13:15
I will take as my starting point a problem which is classical in
population genetics: we wish to understand the distribution of numbers
of individuals in a population who carry different alleles of a
certain gene. We imagine a sample of size n from a population in
which individuals are subject to neutral mutation at a certain
constant rate. Every mutation gives rise to a completely new type.

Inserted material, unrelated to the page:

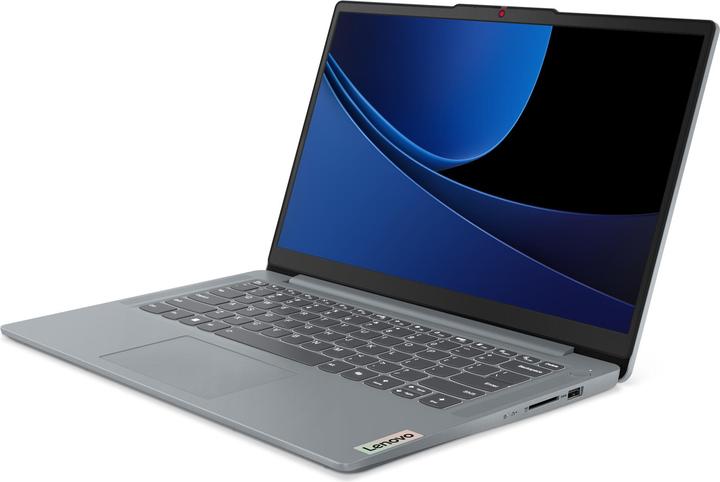 Produktbild Lenovo IdeaPad Slim 3 (14", 128 GB, 8 GB, DE, Intel N150)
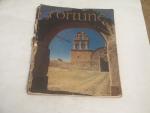 Fortune Magazine 1/1942 U.S. National Morale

The genealogy of the sample is modelled by a coalescent process and we
imagine the mutations as a Poisson process of marks along the
coalescent tree. The allelic partition is obtained by tracing back to
the most recent mutation for each individual and grouping together
individuals whose most recent mutations are the same. The number of
blocks of each of the different possible sizes in this partition is
called the allele frequency spectrum. Recently, there has been much
interest in this problem when the underlying coalescent process is a
so-called Lambda-coalescent (even when this is not a biologically
``reasonable'' model) because the allelic partition is a nice example
of an exchangeable random partition. In this talk, I will describe
the asymptotics (as n tends to infinity) of the allele frequency
spectrum when the coalescent process is a particular Lambda-coalescent
which was introduced by Bolthausen and Sznitman. It turns out that
the frequency spectrum scales in a rather unusual way, and that we
need somewhat unusual tools in order to tackle it.
This is joint work with Anne-Laure Basdevant (Toulouse III).